>>>
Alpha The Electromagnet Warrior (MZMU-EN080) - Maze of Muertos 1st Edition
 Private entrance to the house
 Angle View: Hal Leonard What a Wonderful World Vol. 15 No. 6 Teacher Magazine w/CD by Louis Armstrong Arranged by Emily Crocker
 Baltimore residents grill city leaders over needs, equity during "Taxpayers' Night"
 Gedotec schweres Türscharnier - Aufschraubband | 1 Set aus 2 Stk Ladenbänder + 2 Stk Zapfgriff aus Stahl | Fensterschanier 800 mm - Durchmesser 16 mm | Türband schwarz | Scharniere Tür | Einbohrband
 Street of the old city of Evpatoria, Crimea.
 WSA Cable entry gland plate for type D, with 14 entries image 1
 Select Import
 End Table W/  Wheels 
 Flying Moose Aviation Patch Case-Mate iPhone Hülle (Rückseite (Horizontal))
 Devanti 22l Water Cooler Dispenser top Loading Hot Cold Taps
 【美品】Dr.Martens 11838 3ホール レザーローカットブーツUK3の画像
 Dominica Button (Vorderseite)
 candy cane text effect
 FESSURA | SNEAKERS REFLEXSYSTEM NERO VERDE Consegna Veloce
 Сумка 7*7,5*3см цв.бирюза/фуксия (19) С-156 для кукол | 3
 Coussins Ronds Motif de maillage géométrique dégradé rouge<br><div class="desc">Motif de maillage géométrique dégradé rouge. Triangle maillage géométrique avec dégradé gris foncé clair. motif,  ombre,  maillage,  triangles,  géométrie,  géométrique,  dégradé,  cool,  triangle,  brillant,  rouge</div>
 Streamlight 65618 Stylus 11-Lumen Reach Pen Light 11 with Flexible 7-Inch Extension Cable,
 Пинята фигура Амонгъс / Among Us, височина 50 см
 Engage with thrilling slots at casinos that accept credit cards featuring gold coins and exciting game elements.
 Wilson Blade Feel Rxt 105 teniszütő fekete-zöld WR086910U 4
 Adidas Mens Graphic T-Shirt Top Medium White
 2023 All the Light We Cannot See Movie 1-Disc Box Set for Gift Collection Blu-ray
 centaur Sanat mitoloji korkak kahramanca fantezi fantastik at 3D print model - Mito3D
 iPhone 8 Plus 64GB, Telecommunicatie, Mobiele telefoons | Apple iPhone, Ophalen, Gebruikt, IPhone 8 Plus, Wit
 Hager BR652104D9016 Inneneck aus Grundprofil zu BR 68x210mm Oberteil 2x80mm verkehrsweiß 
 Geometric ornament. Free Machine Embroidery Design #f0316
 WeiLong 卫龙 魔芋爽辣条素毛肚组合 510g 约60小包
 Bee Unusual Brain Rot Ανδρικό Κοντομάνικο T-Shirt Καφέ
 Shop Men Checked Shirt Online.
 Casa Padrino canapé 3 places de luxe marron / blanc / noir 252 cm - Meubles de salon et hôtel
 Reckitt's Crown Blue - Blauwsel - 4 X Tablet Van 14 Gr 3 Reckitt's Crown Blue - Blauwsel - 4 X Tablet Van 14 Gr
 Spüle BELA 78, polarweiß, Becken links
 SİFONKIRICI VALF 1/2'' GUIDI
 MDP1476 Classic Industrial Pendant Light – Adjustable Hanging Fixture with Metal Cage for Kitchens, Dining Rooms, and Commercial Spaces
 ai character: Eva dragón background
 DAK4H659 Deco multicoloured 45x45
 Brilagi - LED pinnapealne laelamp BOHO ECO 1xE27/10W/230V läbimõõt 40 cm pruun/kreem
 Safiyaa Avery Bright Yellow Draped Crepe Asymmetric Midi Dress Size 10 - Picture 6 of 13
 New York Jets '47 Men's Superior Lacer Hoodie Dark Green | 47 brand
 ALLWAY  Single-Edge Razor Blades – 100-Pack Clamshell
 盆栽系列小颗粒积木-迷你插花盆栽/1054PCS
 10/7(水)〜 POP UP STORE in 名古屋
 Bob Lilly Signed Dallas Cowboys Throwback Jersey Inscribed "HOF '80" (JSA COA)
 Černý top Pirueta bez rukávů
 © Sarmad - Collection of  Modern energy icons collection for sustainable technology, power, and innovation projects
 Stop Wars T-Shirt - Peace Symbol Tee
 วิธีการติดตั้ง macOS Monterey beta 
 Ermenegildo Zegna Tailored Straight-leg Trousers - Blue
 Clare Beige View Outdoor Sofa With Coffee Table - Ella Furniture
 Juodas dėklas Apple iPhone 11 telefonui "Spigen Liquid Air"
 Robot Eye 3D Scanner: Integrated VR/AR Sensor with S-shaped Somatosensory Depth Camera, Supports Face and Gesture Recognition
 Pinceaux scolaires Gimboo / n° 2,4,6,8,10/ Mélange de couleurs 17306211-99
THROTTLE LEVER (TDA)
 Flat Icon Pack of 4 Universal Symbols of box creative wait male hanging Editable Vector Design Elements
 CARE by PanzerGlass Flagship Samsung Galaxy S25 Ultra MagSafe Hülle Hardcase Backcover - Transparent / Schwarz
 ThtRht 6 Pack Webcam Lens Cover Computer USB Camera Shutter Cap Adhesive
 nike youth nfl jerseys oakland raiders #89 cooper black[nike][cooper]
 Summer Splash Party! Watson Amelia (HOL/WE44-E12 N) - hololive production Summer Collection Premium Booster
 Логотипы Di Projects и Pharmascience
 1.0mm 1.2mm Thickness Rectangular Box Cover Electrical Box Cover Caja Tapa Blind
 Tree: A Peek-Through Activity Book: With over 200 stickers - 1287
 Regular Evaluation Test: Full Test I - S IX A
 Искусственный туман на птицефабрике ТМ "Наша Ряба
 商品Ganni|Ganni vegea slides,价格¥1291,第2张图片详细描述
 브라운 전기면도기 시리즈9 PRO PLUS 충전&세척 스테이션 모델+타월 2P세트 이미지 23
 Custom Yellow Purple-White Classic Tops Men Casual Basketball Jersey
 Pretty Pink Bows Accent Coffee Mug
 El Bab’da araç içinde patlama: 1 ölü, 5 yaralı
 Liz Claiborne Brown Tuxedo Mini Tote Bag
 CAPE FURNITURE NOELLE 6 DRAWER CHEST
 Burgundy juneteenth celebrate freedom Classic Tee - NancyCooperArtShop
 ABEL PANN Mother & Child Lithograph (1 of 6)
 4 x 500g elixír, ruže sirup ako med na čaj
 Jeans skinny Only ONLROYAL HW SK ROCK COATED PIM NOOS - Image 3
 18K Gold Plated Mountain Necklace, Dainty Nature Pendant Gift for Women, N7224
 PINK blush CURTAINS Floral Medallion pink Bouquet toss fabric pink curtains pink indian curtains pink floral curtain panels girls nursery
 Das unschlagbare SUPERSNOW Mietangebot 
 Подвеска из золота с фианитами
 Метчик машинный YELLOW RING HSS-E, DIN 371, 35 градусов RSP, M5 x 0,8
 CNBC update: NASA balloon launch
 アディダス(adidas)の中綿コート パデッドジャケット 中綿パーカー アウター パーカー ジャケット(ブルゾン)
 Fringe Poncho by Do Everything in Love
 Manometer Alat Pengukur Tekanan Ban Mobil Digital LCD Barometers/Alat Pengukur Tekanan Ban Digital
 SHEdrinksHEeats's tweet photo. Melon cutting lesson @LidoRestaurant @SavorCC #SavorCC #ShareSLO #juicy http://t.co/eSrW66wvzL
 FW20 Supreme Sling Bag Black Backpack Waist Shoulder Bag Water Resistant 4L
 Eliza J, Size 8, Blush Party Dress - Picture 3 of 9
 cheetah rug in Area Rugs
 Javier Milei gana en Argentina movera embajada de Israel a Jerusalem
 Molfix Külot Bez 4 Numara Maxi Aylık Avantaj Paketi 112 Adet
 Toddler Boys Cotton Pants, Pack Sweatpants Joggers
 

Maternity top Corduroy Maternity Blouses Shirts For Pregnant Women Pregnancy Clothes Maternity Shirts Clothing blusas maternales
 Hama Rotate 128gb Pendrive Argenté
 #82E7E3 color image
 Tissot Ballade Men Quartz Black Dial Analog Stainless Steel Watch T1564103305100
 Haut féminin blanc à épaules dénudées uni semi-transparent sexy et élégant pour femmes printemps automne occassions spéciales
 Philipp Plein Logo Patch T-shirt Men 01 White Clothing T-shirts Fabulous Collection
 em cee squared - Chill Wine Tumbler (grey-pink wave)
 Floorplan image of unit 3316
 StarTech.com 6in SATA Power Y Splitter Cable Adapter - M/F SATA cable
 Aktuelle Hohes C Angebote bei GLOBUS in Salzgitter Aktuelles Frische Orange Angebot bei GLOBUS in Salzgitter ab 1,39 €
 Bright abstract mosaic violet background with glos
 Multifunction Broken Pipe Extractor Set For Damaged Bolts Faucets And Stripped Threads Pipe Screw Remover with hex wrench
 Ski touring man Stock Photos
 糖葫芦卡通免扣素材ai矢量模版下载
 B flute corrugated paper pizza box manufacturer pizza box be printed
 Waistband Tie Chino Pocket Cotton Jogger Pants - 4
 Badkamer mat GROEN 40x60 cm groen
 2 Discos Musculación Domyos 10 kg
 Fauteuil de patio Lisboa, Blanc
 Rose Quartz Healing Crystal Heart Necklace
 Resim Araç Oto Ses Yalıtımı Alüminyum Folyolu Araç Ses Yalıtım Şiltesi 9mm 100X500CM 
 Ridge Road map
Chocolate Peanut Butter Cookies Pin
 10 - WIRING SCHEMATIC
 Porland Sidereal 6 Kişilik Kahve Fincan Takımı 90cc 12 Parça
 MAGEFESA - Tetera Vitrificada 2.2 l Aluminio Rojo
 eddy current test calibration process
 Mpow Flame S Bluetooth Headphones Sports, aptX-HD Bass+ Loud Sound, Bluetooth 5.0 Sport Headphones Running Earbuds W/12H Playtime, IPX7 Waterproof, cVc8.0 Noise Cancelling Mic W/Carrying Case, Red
<<<
Exercise
Copy every line from the records above that contains the word "Light".

Task output
 Streamlight 65618 Stylus 11-Lumen Reach Pen Light 11 with Flexible 7-Inch Extension Cable,
 2023 All the Light We Cannot See Movie 1-Disc Box Set for Gift Collection Blu-ray
 MDP1476 Classic Industrial Pendant Light – Adjustable Hanging Fixture with Metal Cage for Kitchens, Dining Rooms, and Commercial Spaces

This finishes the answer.